“We are outgunned and outspent but we are not outworked,” writes a Louisiana state representative to fellow Common Core opponents.
In July of last year, Rep. Brett Geymann and 16 other Louisiana legislators filed a lawsuit against the state’s Board of Education seeking the immediate suspension of Common Core.
The lawsuit, which was later joined by Gov. Bobby Jindal and is still pending in district court, argues that local education leaders failed to follow the state’s Administrative Procedures Act (APA) for implementing the standards, thereby robbing the public of its chance to view and comment on the standards before they were adopted.
Earlier this month, Geymann took to his Facebook page to encourage parents and teachers looking to him to continue the fight. In his February 2nd post, titled “Common Core — A Battle Worth Fighting,” Geymann urged his Facebook friends to “keep the faith and keep the fight because the next generation depends on it.”
“I am so proud to watch and be a part of a movement from the people to take up the battle for their children and for the next generation,” writes Geymann. “It is disheartening to hear people in leadership… criticize and mock parents who are speaking out… What arrogance and disrespect for the very people who care the most about their children.”
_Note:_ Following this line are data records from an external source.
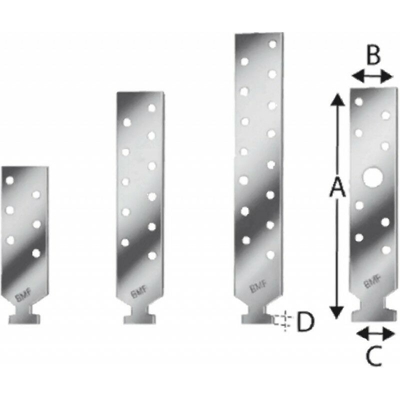 Profilo Di Ancoraggio Profa158 Sst (100) - SIMPSON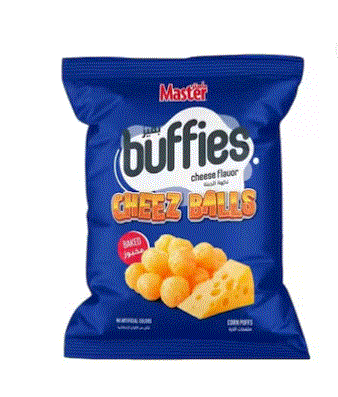 Master Buffies Cheez Balls Chips 32G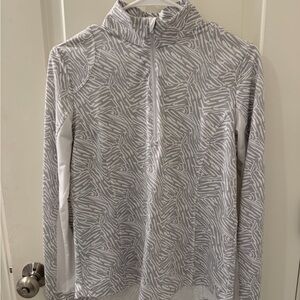 Women's Gray Patterned Jacket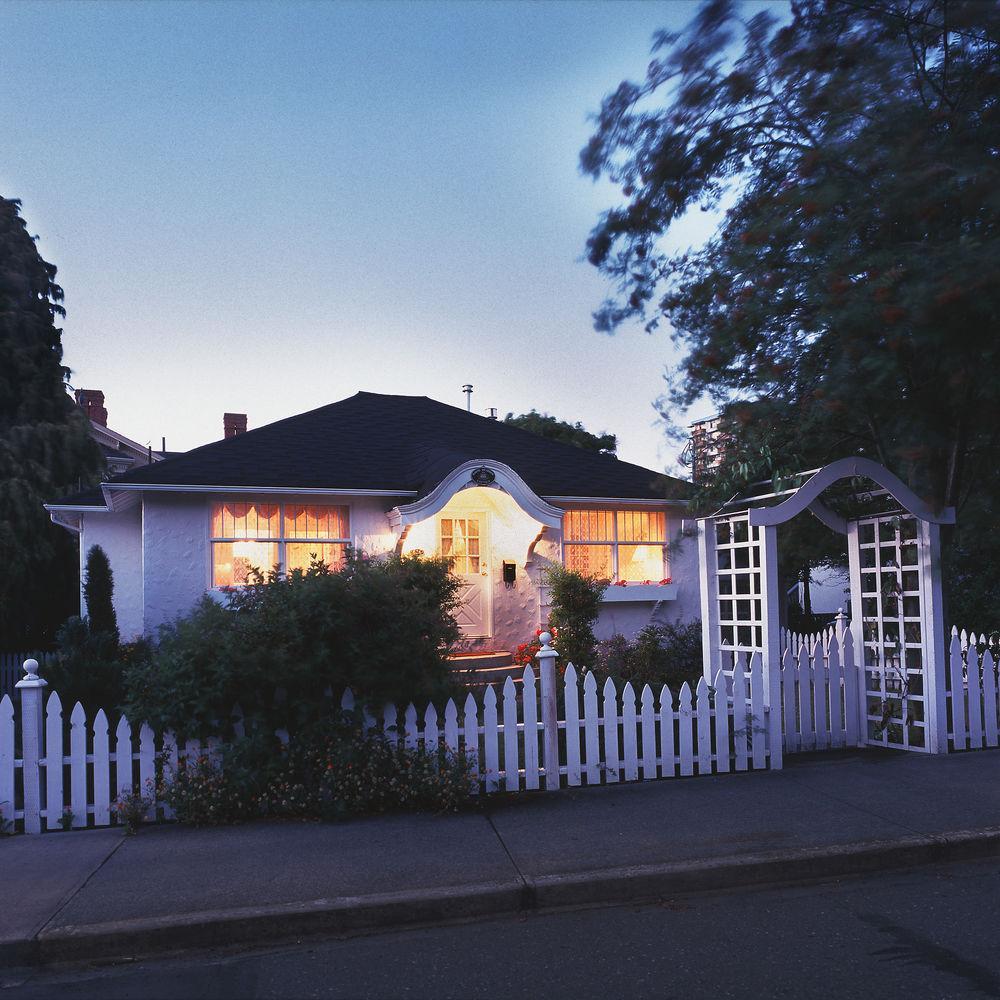Humboldt House Bed & Breakfast Victoria Exterior foto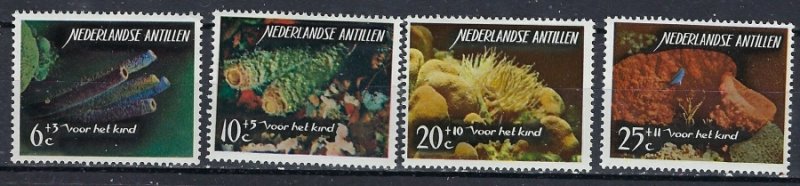 Netherlands Antilles B68-71 MLH 1965 set (ak2361)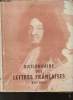 Dictionnaire des lettres française- Le 17ème siècle. Pauphilet Albert, Pichard Louis, Barroux Robert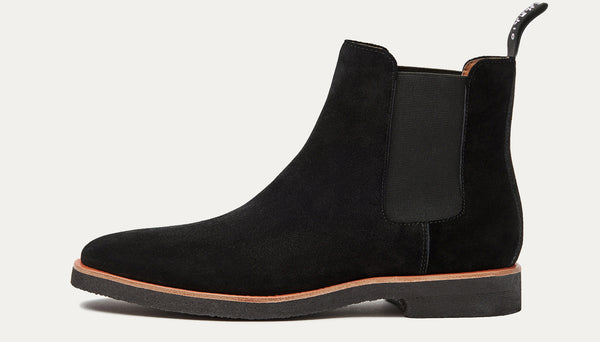 Harvey Suede Chelsea Boot | New Republic by Mark McNairy
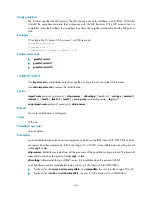 Preview for 175 page of HP 6125XLG Command Reference Manual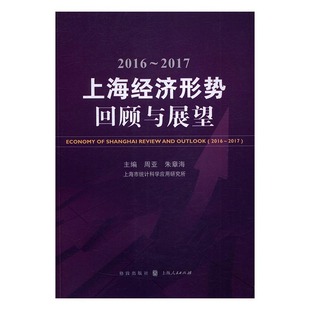 书 正版 畅想畅销书 书店 2017年上海经济形势：回顾与展望 区域经济书籍 周亚 2016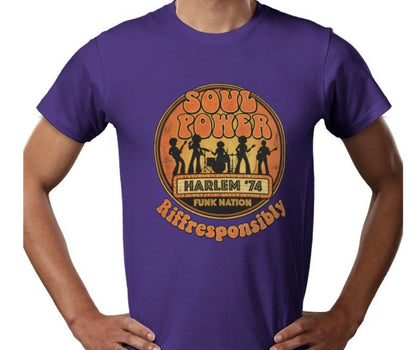 Riff Responsibly | Soul Power T-Shirt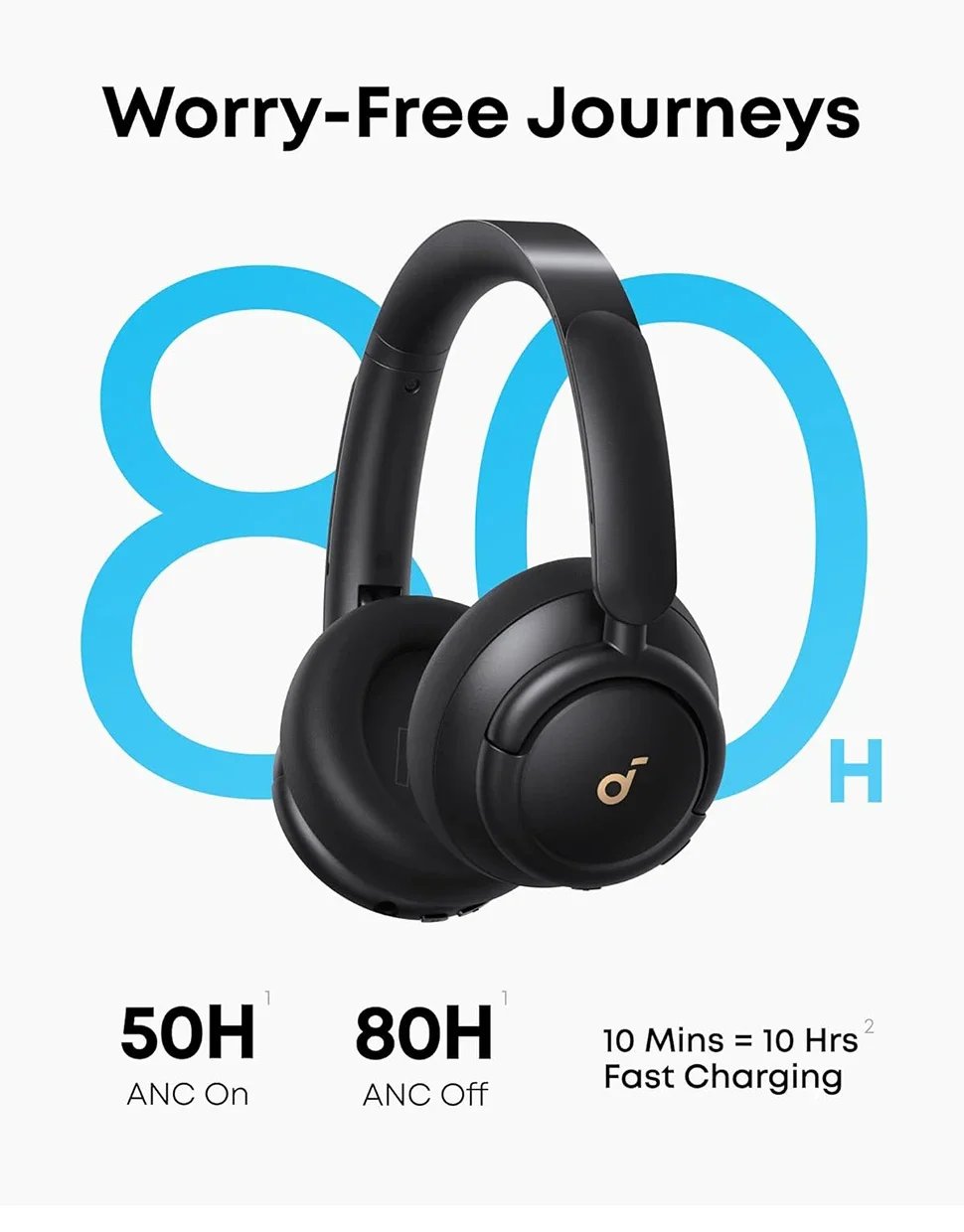 Life Q30 Hybrid Active Noise Cancelling Headphones Wireless Bluetooth Headphones Over Ear Headset Earphone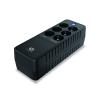 Conceptronic ZEUS05E szünetmentes tápegység (UPS) Készenléti állapot (offline) 0,65 kVA 360 W 6 AC kimenet(ek)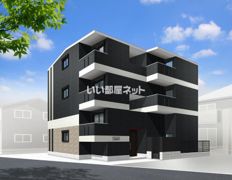 AX黒田古城（アークス黒田古城）の外観画像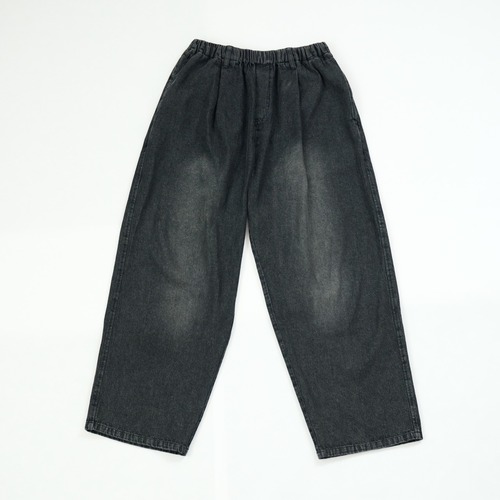 denim work pants/black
“I often pray for wisdom and direction…,” he continues. “It seems hopeless at times but then 800 people fill an auditorium. It seems hopeless at times but then an election comes and nameplates change in the committee room and the boardroom. It seems hopeless at times but other states have done it and so can we.”
As recently reported, Gov. Jindal issued an executive order on January 30th protecting the right of parents to opt their children out of the upcoming Common Core linked PARCC tests and to protect schools from being penalized for any opt-outs.
The same day, Rep. Geymann urged parents to do just that, writing, “If you have a child in school that is scheduled to take the PARCC assessment, please consider opting out… It is time to give the education decisions of the children back to their parents and that can start by opting out of the PARCC assessment.”
While it’s not clear yet how large the opt-out movement in Louisiana will be, it is apparently large enough to be a cause of concern for many district leaders.
As recently reported by The Times Picayune, 14 of Louisiana’s school districts have already passed resolutions aimed at preventing schools from being penalized for students skipping the tests, while Terrebonne Parish is currently considering whether to ask the governor and state superintendent if the entire district can be removed from PARCC.